*THE TASK*.
In the listing below, find the line with "Изображение Asvara Villa Ubud 5*", then repeat exactly every line from the top through that one.

*SUPPLIED RECORDS*.
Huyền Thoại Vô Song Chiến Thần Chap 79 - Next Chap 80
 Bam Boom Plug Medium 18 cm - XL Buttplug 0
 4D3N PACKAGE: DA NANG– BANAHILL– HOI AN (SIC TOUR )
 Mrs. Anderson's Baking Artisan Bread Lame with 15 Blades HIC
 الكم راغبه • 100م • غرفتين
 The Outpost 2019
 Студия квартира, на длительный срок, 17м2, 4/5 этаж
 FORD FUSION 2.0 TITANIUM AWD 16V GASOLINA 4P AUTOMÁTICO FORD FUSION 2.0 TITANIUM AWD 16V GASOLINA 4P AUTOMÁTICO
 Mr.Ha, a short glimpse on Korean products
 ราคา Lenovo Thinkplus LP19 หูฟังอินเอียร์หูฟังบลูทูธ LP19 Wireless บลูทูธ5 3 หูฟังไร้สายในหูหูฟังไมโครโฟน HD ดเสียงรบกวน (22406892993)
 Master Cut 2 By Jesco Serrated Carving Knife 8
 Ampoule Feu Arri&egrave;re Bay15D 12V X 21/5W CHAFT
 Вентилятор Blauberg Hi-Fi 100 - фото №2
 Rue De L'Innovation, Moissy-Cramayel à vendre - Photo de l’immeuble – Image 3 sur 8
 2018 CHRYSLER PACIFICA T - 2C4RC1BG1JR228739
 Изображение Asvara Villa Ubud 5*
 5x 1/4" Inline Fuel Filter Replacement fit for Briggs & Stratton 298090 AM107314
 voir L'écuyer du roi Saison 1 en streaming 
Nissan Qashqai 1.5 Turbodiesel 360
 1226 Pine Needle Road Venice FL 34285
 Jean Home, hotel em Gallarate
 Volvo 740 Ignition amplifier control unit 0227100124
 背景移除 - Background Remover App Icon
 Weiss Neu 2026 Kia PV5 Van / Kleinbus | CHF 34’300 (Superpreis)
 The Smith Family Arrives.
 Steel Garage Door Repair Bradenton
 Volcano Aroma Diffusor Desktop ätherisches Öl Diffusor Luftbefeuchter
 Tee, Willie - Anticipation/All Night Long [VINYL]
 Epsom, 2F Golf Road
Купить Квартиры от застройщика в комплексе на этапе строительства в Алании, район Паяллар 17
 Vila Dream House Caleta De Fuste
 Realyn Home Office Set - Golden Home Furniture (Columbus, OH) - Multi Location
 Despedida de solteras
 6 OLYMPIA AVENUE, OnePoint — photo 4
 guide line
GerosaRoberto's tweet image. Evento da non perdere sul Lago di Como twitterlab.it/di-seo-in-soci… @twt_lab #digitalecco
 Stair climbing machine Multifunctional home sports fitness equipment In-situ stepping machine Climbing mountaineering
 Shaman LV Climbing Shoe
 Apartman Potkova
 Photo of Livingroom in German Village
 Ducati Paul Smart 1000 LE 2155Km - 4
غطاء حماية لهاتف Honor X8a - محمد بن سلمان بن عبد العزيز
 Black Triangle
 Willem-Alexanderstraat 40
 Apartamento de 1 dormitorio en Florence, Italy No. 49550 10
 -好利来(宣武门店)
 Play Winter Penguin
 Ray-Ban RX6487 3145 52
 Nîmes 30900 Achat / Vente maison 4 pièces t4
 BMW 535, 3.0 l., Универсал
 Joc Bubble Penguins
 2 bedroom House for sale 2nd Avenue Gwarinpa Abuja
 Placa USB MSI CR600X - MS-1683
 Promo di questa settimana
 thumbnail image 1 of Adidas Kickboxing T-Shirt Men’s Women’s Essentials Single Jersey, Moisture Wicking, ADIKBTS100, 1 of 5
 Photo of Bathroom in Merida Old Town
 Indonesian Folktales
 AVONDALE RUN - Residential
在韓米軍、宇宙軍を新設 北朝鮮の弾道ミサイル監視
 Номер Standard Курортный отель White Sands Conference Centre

*WORKED SOLUTION*.
Huyền Thoại Vô Song Chiến Thần Chap 79 - Next Chap 80
 Bam Boom Plug Medium 18 cm - XL Buttplug 0
 4D3N PACKAGE: DA NANG– BANAHILL– HOI AN (SIC TOUR )
 Mrs. Anderson's Baking Artisan Bread Lame with 15 Blades HIC
 الكم راغبه • 100م • غرفتين
 The Outpost 2019
 Студия квартира, на длительный срок, 17м2, 4/5 этаж
 FORD FUSION 2.0 TITANIUM AWD 16V GASOLINA 4P AUTOMÁTICO FORD FUSION 2.0 TITANIUM AWD 16V GASOLINA 4P AUTOMÁTICO
 Mr.Ha, a short glimpse on Korean products
 ราคา Lenovo Thinkplus LP19 หูฟังอินเอียร์หูฟังบลูทูธ LP19 Wireless บลูทูธ5 3 หูฟังไร้สายในหูหูฟังไมโครโฟน HD ดเสียงรบกวน (22406892993)
 Master Cut 2 By Jesco Serrated Carving Knife 8
 Ampoule Feu Arri&egrave;re Bay15D 12V X 21/5W CHAFT
 Вентилятор Blauberg Hi-Fi 100 - фото №2
 Rue De L'Innovation, Moissy-Cramayel à vendre - Photo de l’immeuble – Image 3 sur 8
 2018 CHRYSLER PACIFICA T - 2C4RC1BG1JR228739
 Изображение Asvara Villa Ubud 5*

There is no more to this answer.